_Exercise objective_.
Copy all the lines of the listing below exactly. Skip the images.

_Data below_.

━━━━━━━━━━━━━━━━━━━━━━━━━━━━━━

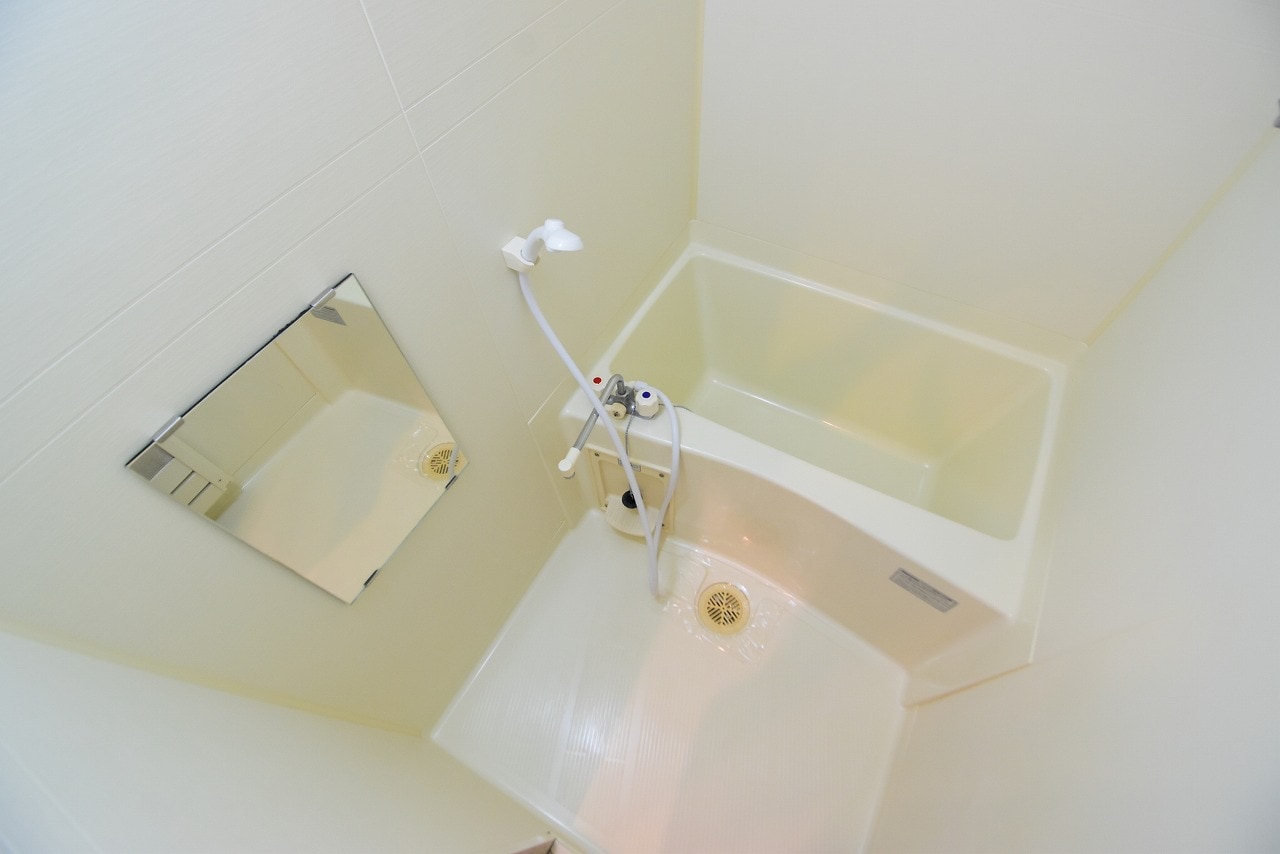 クレアール神戸の物件内観写真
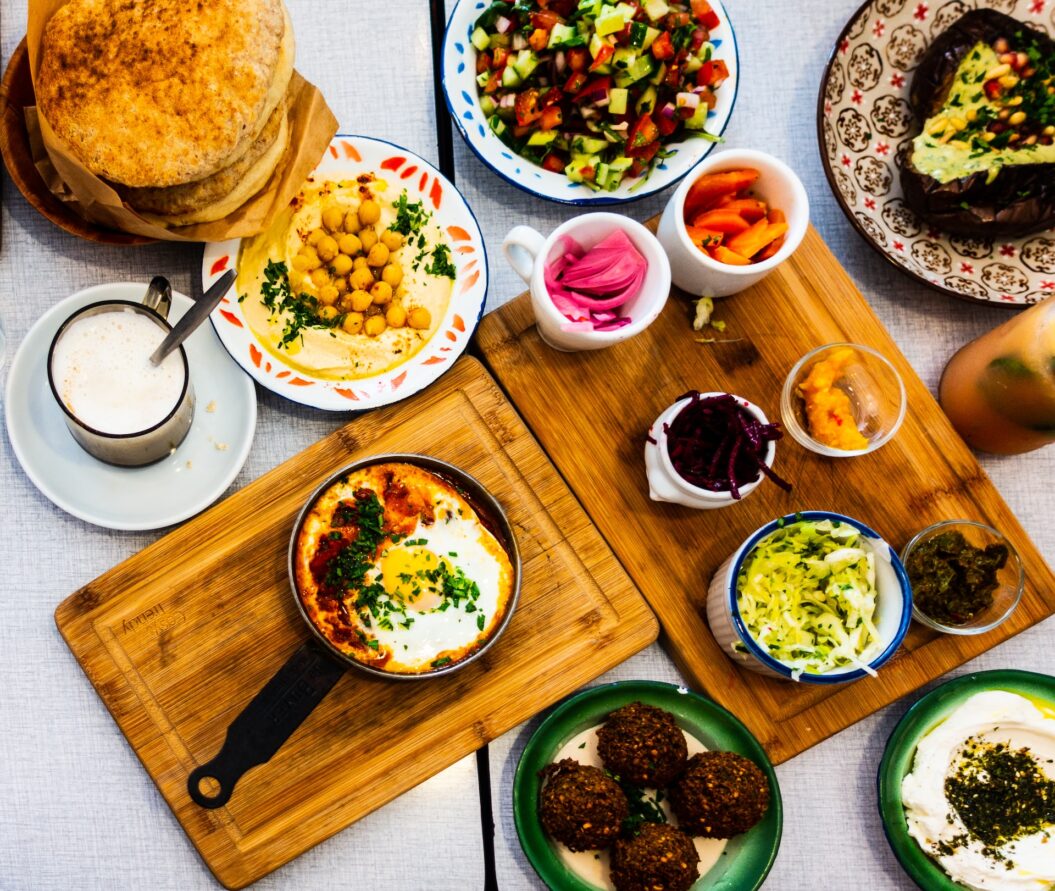 A Foodie’s Guide to Israel: Best Dishes to Try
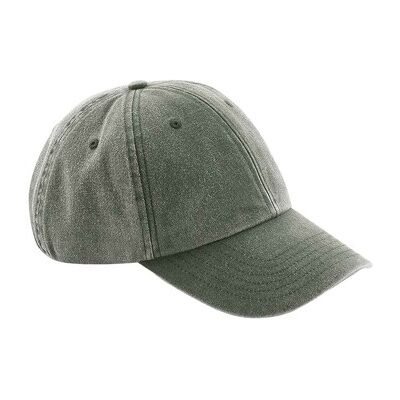 Casquette Beechfield PC3932 Vert Unique Heren Casquette Beechfield PC3932 Vert Unique Heren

━━━━━━━━━━━━━━━━━━━━━━━━━━━━━━

_Result for this task_.
 クレアール神戸の物件内観写真
 A Foodie’s Guide to Israel: Best Dishes to Try
 Casquette Beechfield PC3932 Vert Unique Heren Casquette Beechfield PC3932 Vert Unique Heren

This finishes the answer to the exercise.